-- Input data follows --

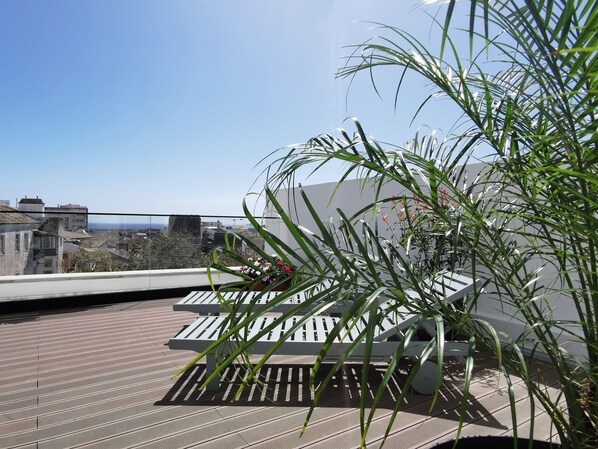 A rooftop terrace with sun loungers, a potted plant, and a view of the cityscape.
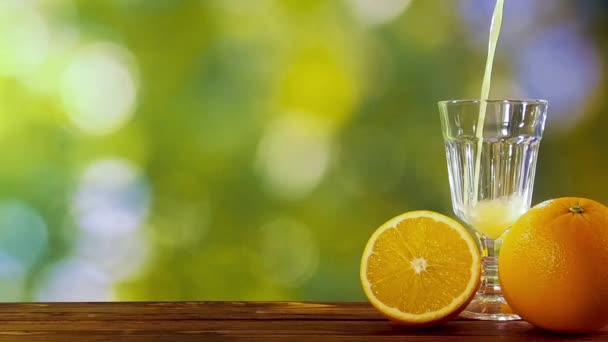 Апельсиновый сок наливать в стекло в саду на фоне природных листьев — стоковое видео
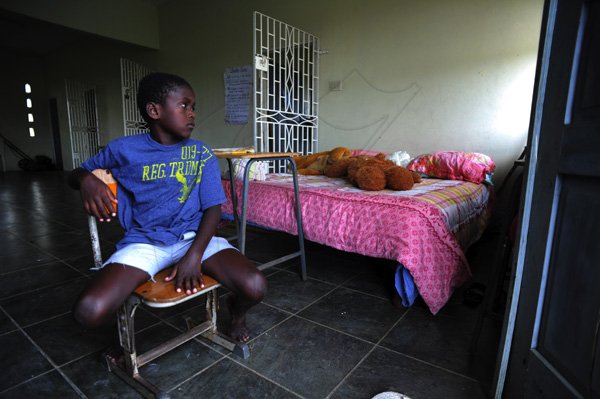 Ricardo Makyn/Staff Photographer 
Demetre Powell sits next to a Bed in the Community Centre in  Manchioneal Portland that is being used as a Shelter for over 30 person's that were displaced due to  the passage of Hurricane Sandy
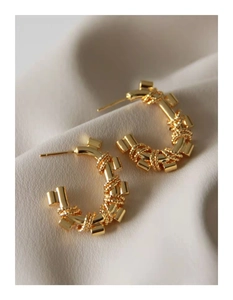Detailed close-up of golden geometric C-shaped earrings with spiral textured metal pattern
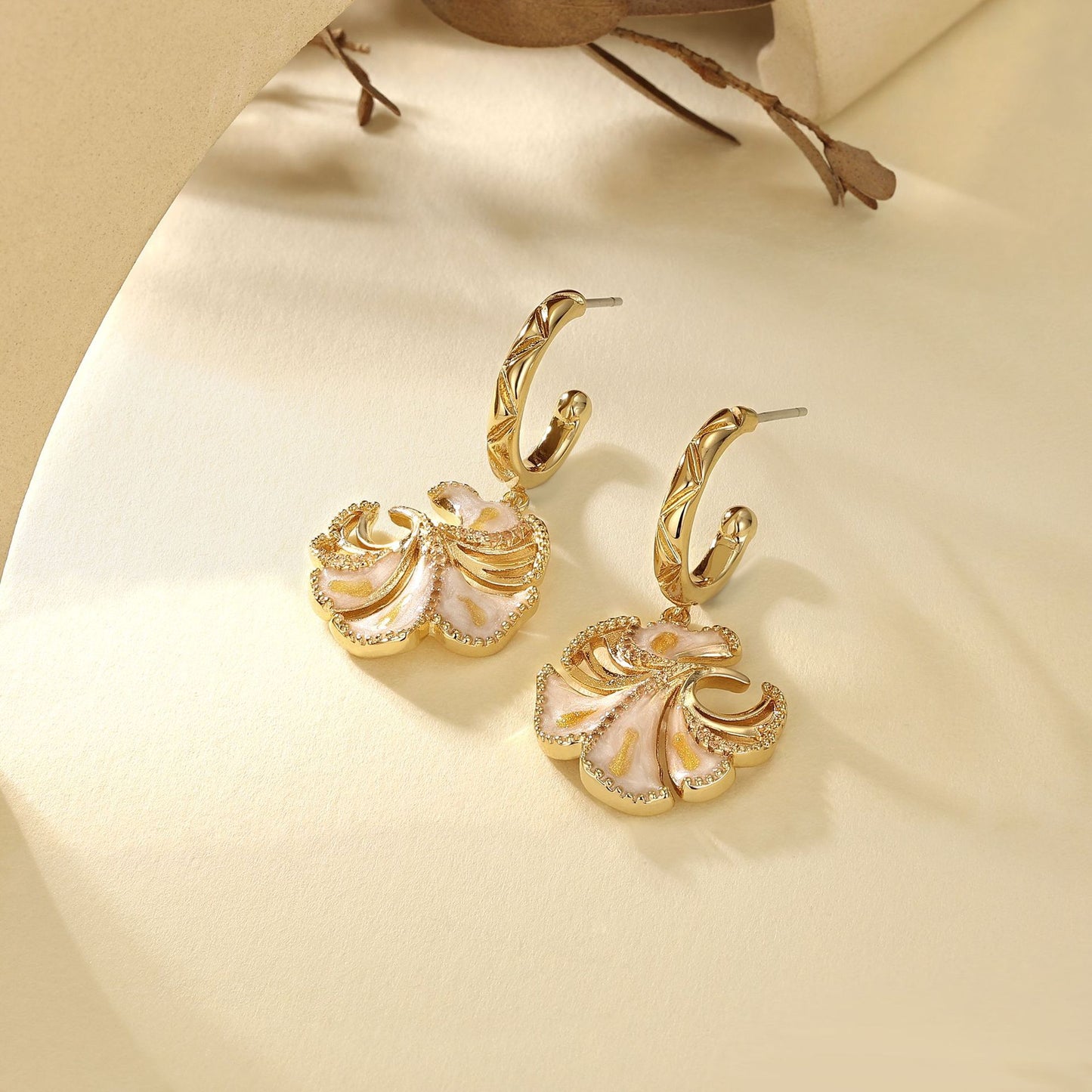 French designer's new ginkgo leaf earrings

-- Input data concluded --

Task description: Leaving every picture aside, transcribe exactly the lines from the one that contains "Detailed close-up of" through the final line of the listing above, inclusive.

Exercise solution:
Detailed close-up of golden geometric C-shaped earrings with spiral textured metal pattern
 French designer's new ginkgo leaf earrings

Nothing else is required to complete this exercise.